C’est un petit garçon qui passe, avec sa mère, tout près de la Cathédrale, en montrant de vieux morceaux de pierres, mal rangés, de vieux morceaux de vieilles pierres que les architectes ont laissés là, dans le chantier, et qui sont des chefs-d’œuvre.

La jeune femme est fine, fraîche, pareille aux statues qui décorent la Cathédrale. Elle n’a pas réprimandé l’enfant…


D’où je suis, je vois le chevet de l’abside. Je ne le vois qu’à travers un rideau de vieux arbres dénudés par l’hiver. Les arcs-boutants et les arbres se mêlent, font une harmonie. Ils sont habitués à vivre ensemble. Mais le printemps ranimera-t-il les pierres comme les arbres ?

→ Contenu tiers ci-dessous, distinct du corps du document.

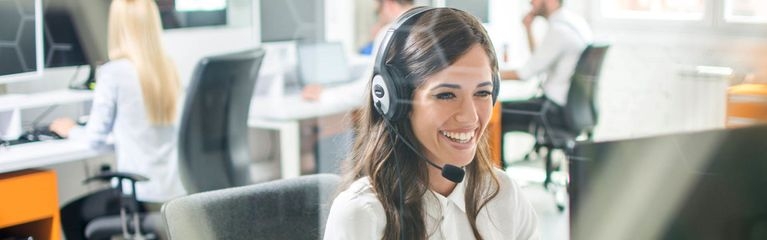 Lächelnde Frau sitzt im Büro an einem Computer und telefoniert via Headset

La profusion des arcs à trois étages en perspective fait penser à Pompéi, à ces peintures où les branches et les arcs se confondent aussi.

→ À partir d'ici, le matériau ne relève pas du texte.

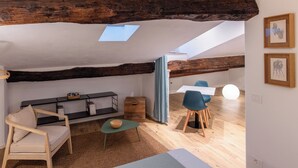 A cozy loft-style room with exposed wooden beams, a skylight, a sofa, a dining table with chairs, and artwork on the walls. - VERNAZZA - ANGEINETTA, elegant suite-loft with every comfort (vernazza)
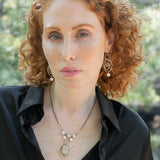 Sterling silver handmade knot pendant holding a lustrous moonstone slab hanging from a ladle of fresh water pearl and moonstone gemstones on a double up darkened sterling silver chain necklace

Je suis plus choqué, peut-être, ici que partout ailleurs par les restaurations. Elles sont du XIXe siècle, et, depuis cinquante ans qu’elles sont faites, elles se patinent, mais ne trompent pas. Ces inepties d’un demi-siècle voudraient prendre rang parmi les chefs-d’œuvre !

Toutes les restaurations sont des copies ; c’est pourquoi elles sont d’avance condamnées. Car il ne faut copier, — laissez-moi le répéter ! — avec la passion de la fidélité, que la nature : la copie des œuvres d’art est interdite par le principe même de l’art.

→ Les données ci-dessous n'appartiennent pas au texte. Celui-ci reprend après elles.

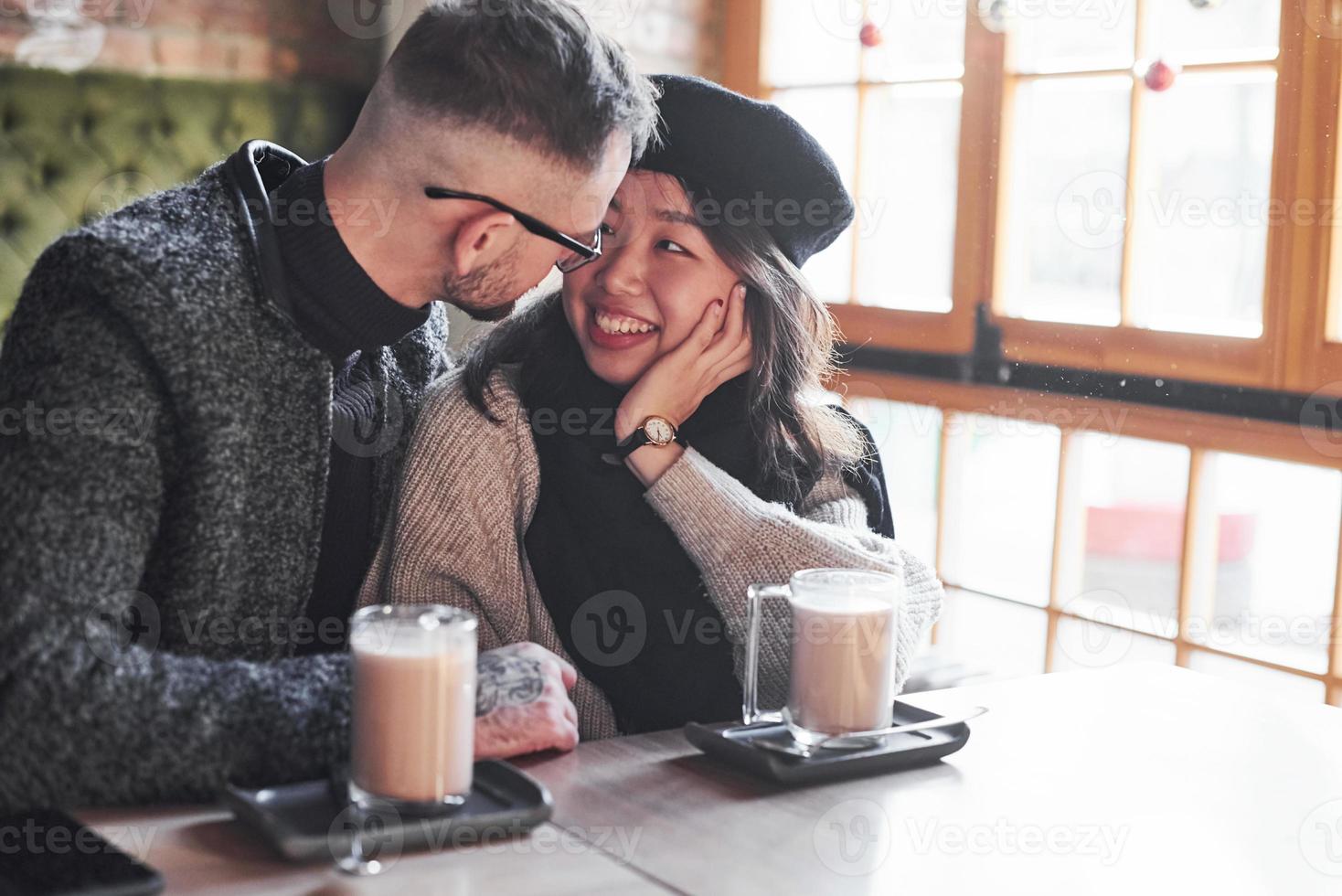 Multiracial couple talking in cafe. Asian girl with her caucasian boyfriend photo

Et les restaurations — sur ce point aussi je veux insister encore — sont toujours molles et dures en même temps ; vous les reconnaîtrez à ce signe. C’est que la science ne suffit pas à produire la beauté ; il faut la conscience.

En outre, les restaurations entraînent la confusion, parce qu’elles introduisent l’anarchie dans les effets. Les vrais effets se dérobent au procédé ; pour les obtenir, il faut beaucoup d’expérience, un grand recul, la science des siècles…

Voyez, par exemple, au fronton de Reims, le pignon de droite. Il n’a pas été retouché. De cet amas puissant sortent des fragments de torse, des draperies, des chefs-d’œuvre massifs. Un simple, sans même bien comprendre, peut, s’il est sensible, connaître ici le frisson de l’enthousiasme.